#### ABOUT THIS TASK:
Copy the records below exactly, but leave out any picture they contain.

Scraped caption text data:

——

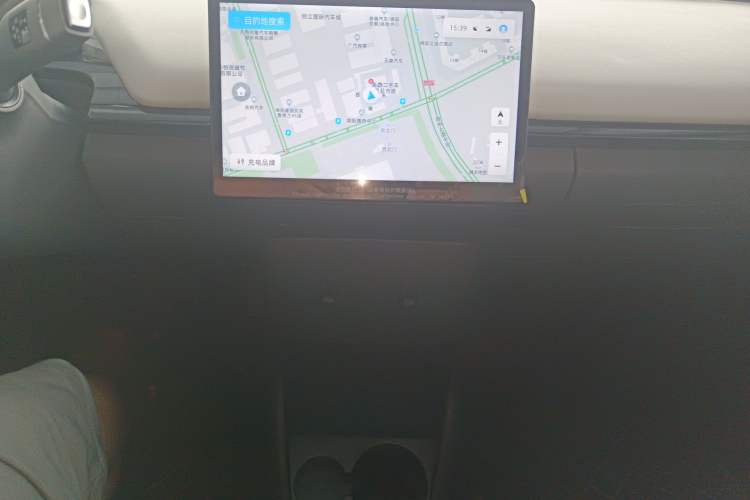 Used Chery New Energy Little Ant 2024 Facelifted 321km Beloved Edition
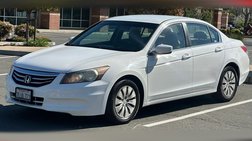 2012 Honda Accord LX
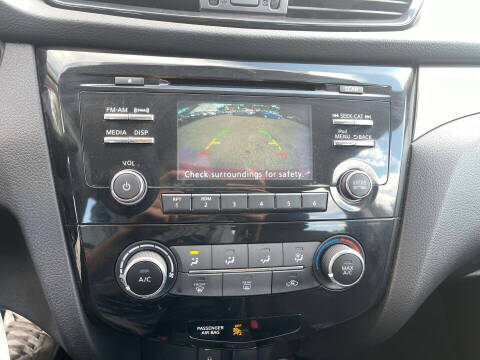 2018 Nissan Rogue Sport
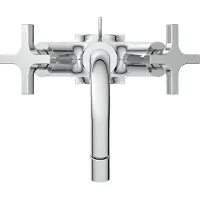 Ideal standard BD157AA, grifo para bidé Joy Neo, modelo m.Ablgarn.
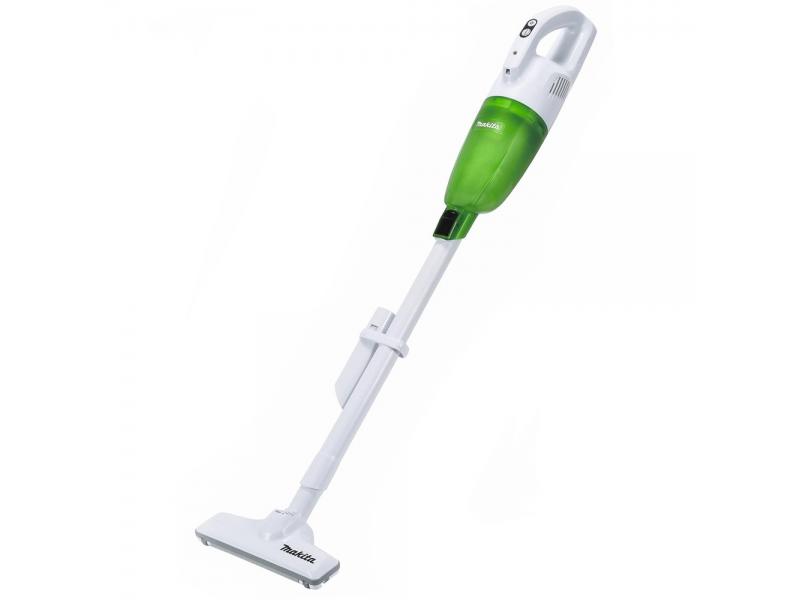 Пылесос аккумуляторный Makita CL117FDX4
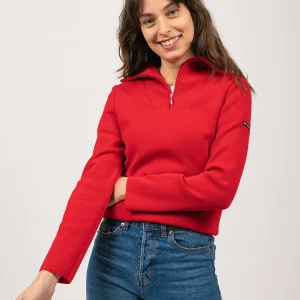 Schipperstrui van lichte wol | Passerelle II U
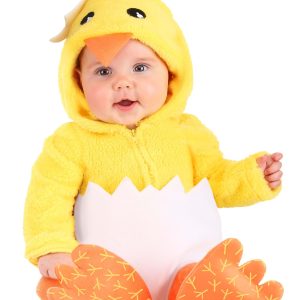 Hatching Chicken Costume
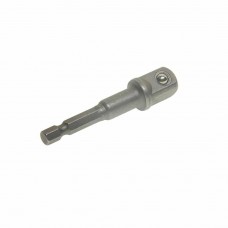 Адаптер для бит 1/2'' 75мм, ER-99009, ЭВРИКА
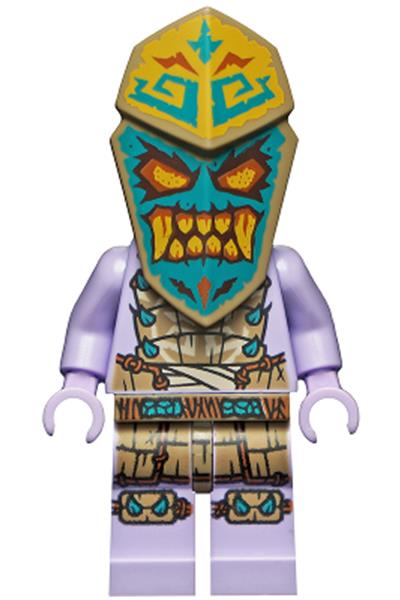 Thunder Keeper Minifigure - njo686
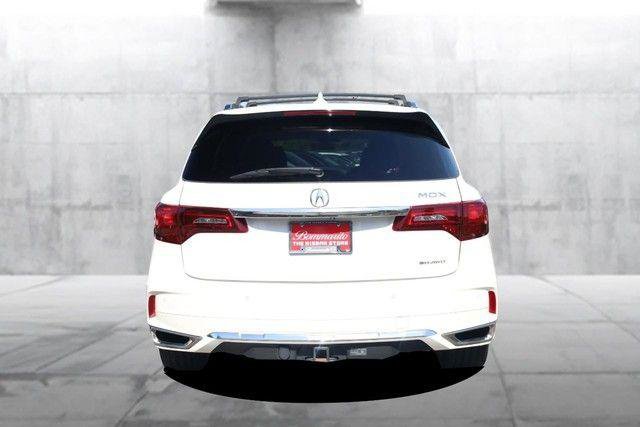 Used 2019 Acura MDX SH-AWD w/ Advance Package image 6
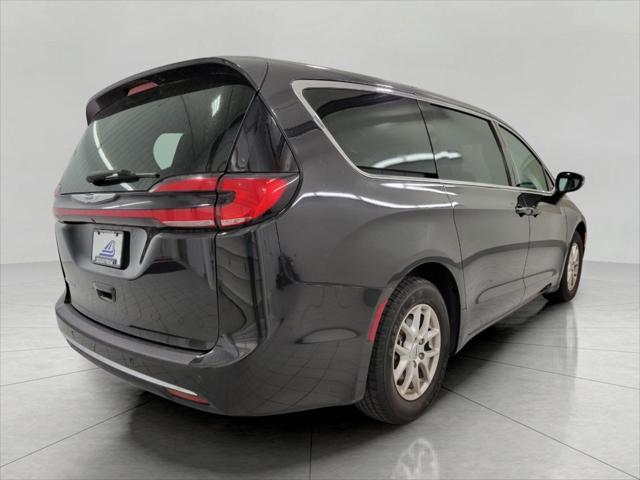 used 2023 Chrysler Pacifica car, priced at $25,236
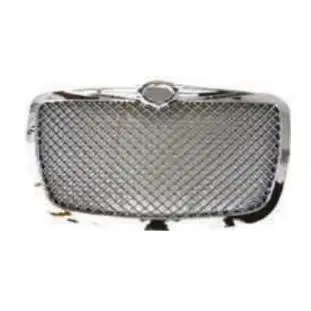 Modificação do conjunto de grade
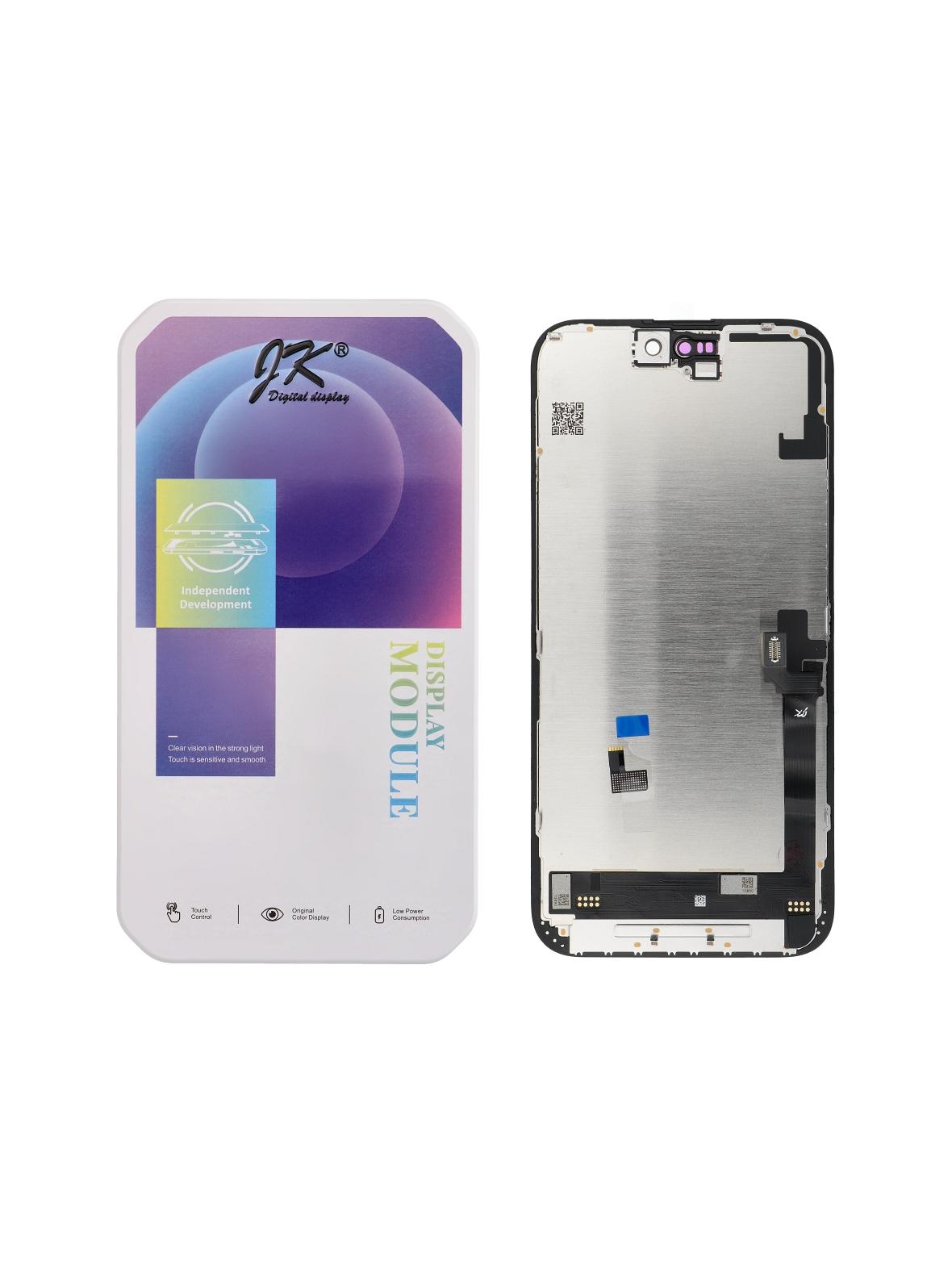 JK Wyświetlacz LCD do IPHONE 16 PLUS FullHD Incell (Change IC)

——

#### RESPONSE TO THE TASK:
 Used Chery New Energy Little Ant 2024 Facelifted 321km Beloved Edition
 2012 Honda Accord LX
 2018 Nissan Rogue Sport
 Ideal standard BD157AA, grifo para bidé Joy Neo, modelo m.Ablgarn.
 Пылесос аккумуляторный Makita CL117FDX4
 Schipperstrui van lichte wol | Passerelle II U
 Hatching Chicken Costume
 Адаптер для бит 1/2'' 75мм, ER-99009, ЭВРИКА
 Thunder Keeper Minifigure - njo686
 Used 2019 Acura MDX SH-AWD w/ Advance Package image 6
 used 2023 Chrysler Pacifica car, priced at $25,236
 Modificação do conjunto de grade
 JK Wyświetlacz LCD do IPHONE 16 PLUS FullHD Incell (Change IC)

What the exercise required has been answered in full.